● TASK DATA:

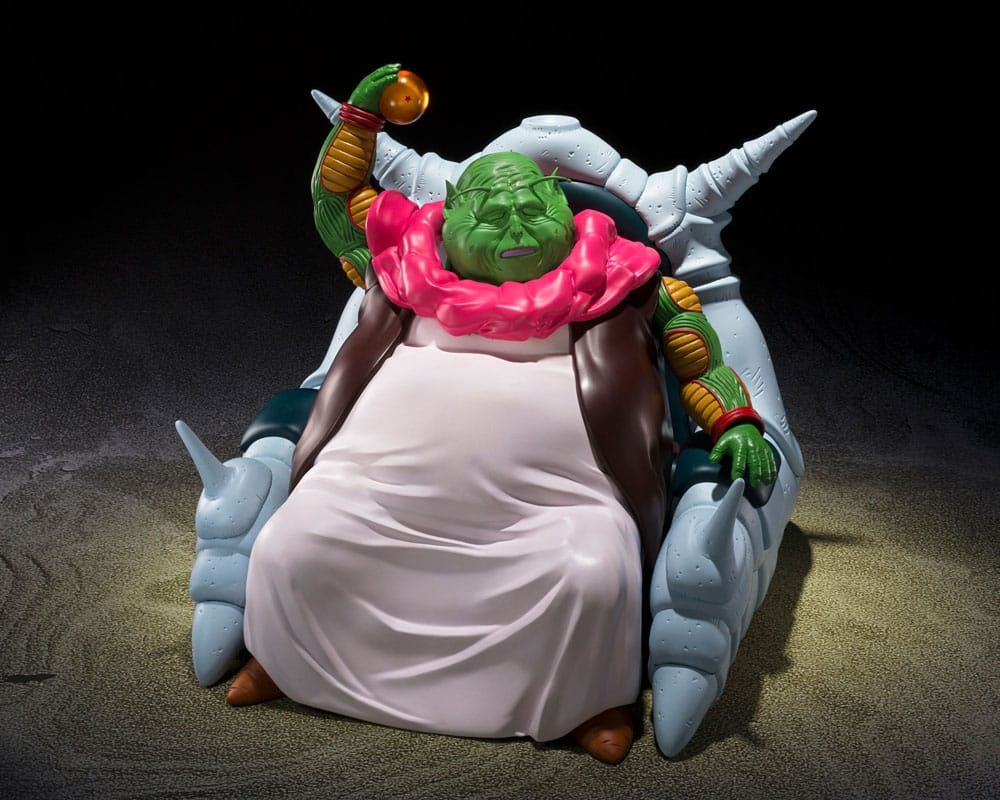 Dragon Ball S.H.Figuarts Action Figure The Great Elder 30 cm (totalpris 2.995,-)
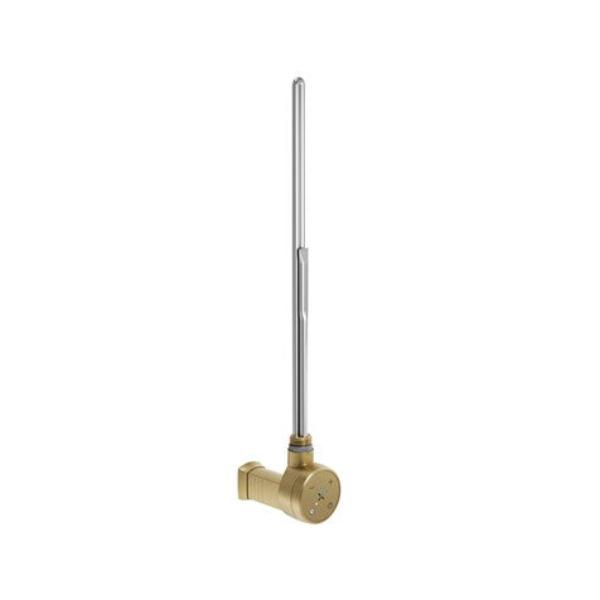 Crosswater Radiator Element - Brushed Brass Effect / 400W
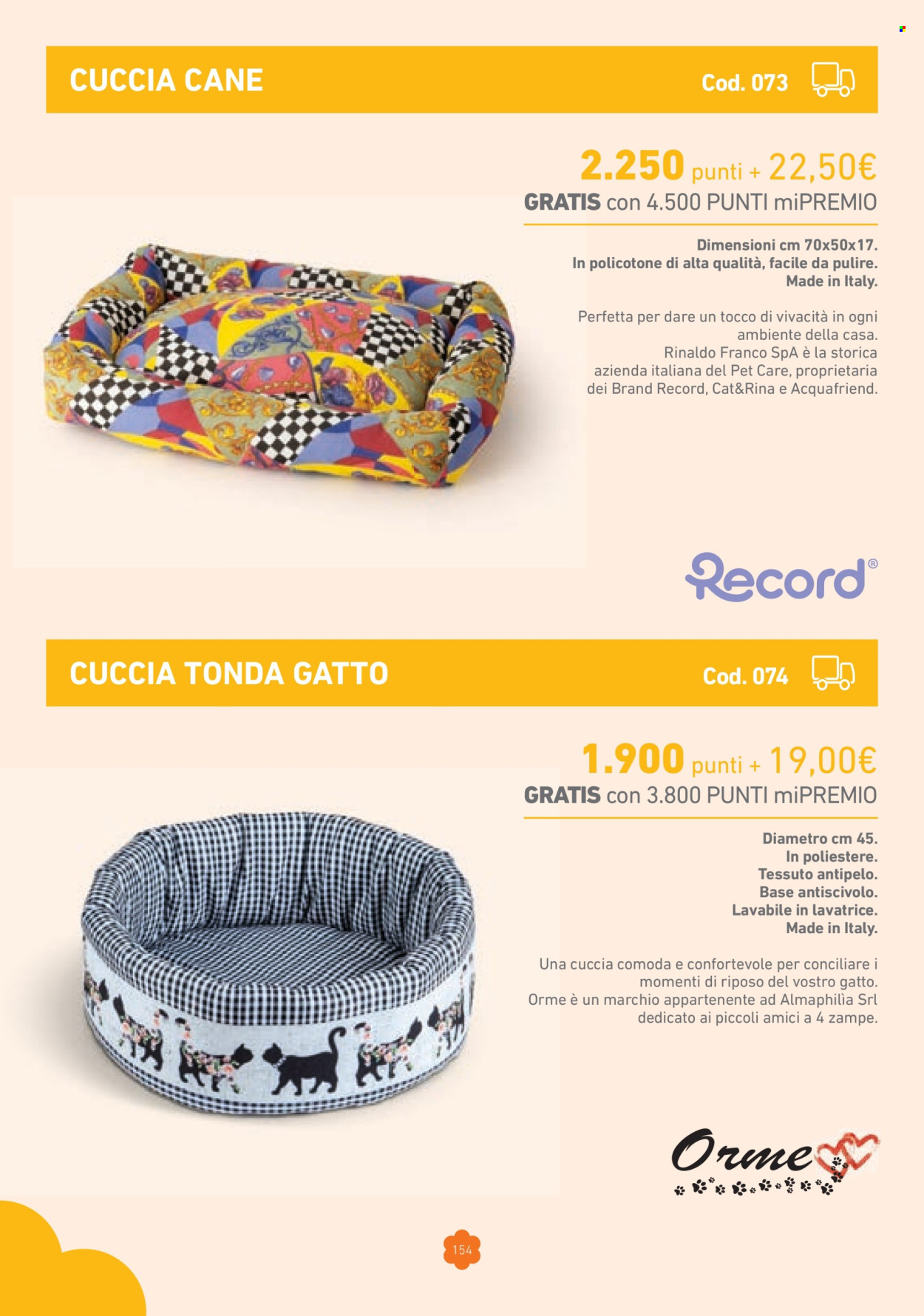 Volantino Conad - 1/3/2025 - 31/12/2025. Pagina 1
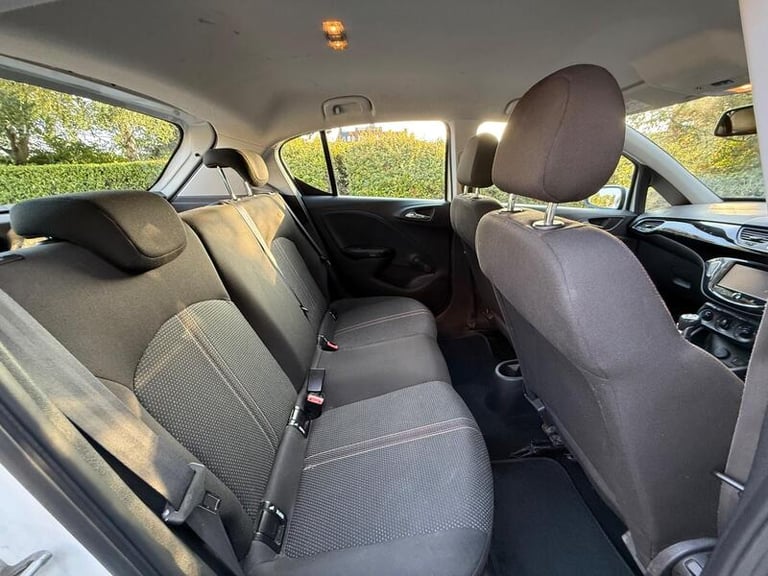 2015 Vauxhall Corsa 1.4I ecoFLEX SRI EURO 6 5dr Hatchback Petrol Manual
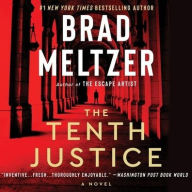 Title: The Tenth Justice, Author: Brad Meltzer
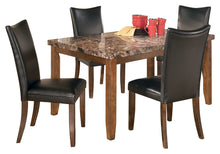 Load image into Gallery viewer, Lacey Signature Design Dining Table 5-Piece Dining Room Package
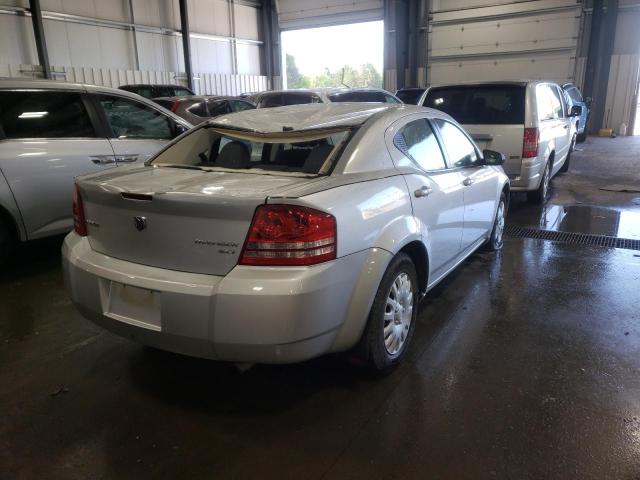 Photo 4 from auction – 2010 DODGE AVENGER SX with VIN 1B3CC4FB1AN102482
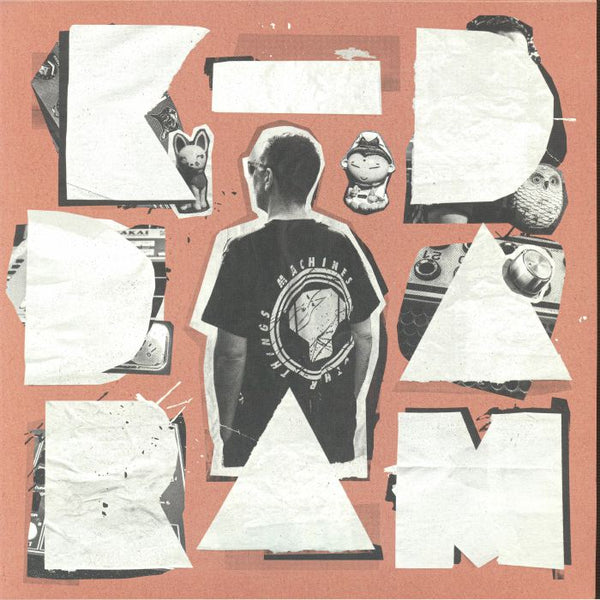 KID DRAMA - Machines & Other Things (2xLP)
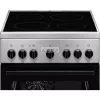 ELECTROLUX LKR562055X Kerámialapos elektromos tűzhely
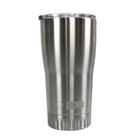 Copo Térmico Azteq Clio 520ml Prata
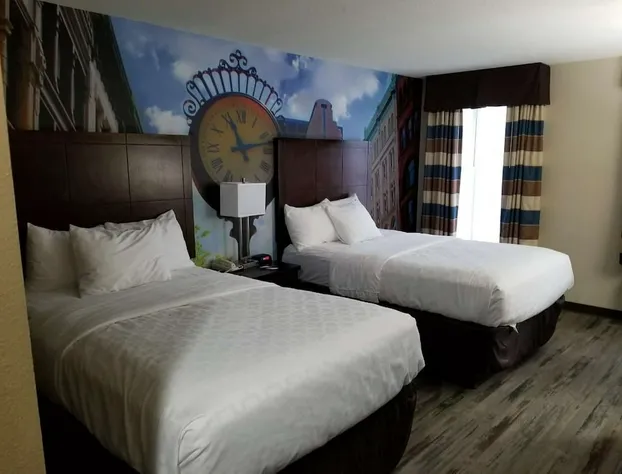 Quality Inn Corydon hotel detail image 4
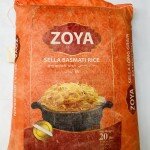 Zoya Basmati Rice 20Lb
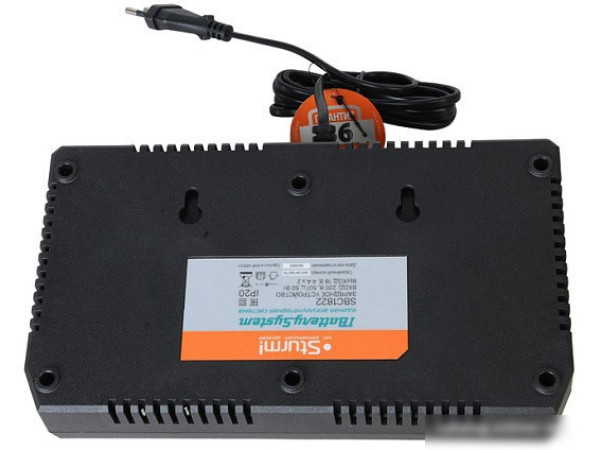 Зарядное устройство Sturm SBC1822 (18В)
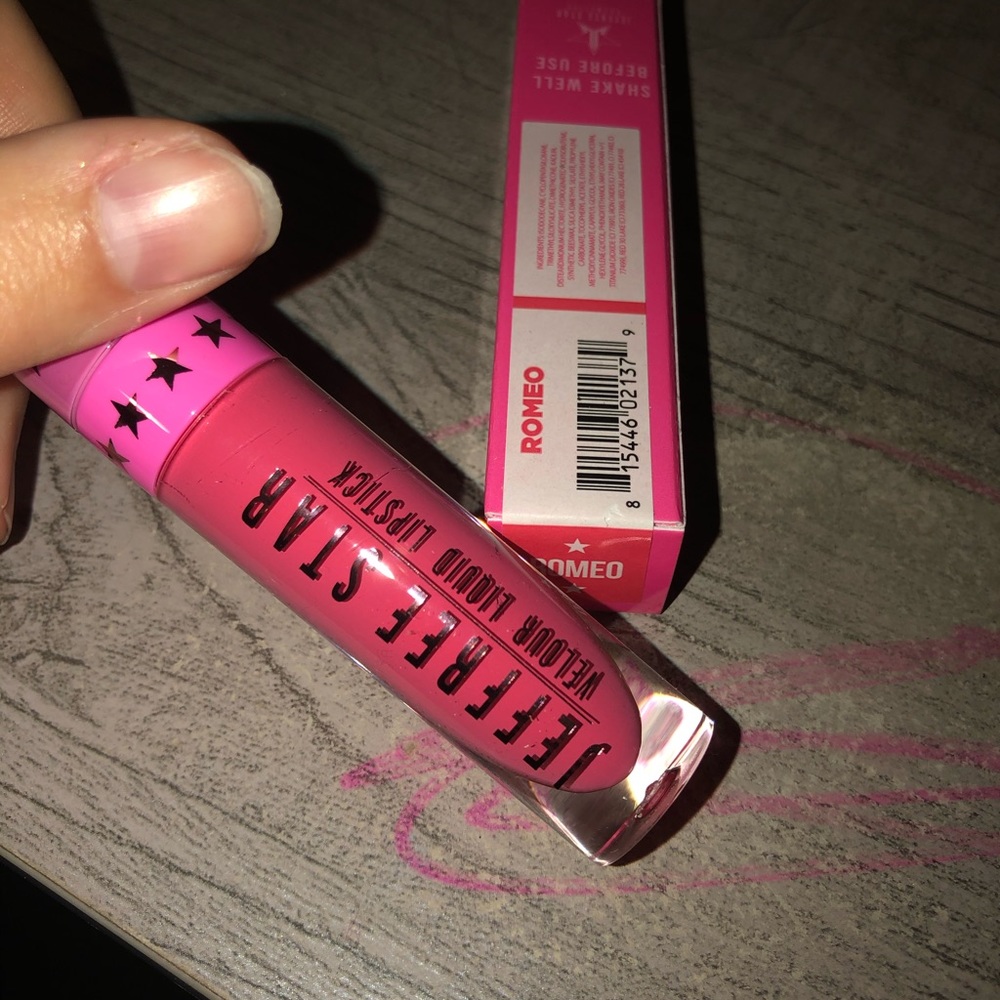 Jeffree Star Romeo liquid lip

● REQUIRED WORK: Your job is to reproduce the material exactly. Keep pictures out of it.

● ANSWER SPACE:
 Dragon Ball S.H.Figuarts Action Figure The Great Elder 30 cm (totalpris 2.995,-)
 Crosswater Radiator Element - Brushed Brass Effect / 400W
 Volantino Conad - 1/3/2025 - 31/12/2025. Pagina 1
 2015 Vauxhall Corsa 1.4I ecoFLEX SRI EURO 6 5dr Hatchback Petrol Manual
 Title: The Tenth Justice, Author: Brad Meltzer
 Load image into Gallery viewer, Lacey Signature Design Dining Table 5-Piece Dining Room Package
 Photo 4 from auction – 2010 DODGE AVENGER SX with VIN 1B3CC4FB1AN102482
 KID DRAMA - Machines & Other Things (2xLP)
 ELECTROLUX LKR562055X Kerámialapos elektromos tűzhely
 Copo Térmico Azteq Clio 520ml Prata
 Quality Inn Corydon hotel detail image 4
 Zoya Basmati Rice 20Lb
 Зарядное устройство Sturm SBC1822 (18В)
 Jeffree Star Romeo liquid lip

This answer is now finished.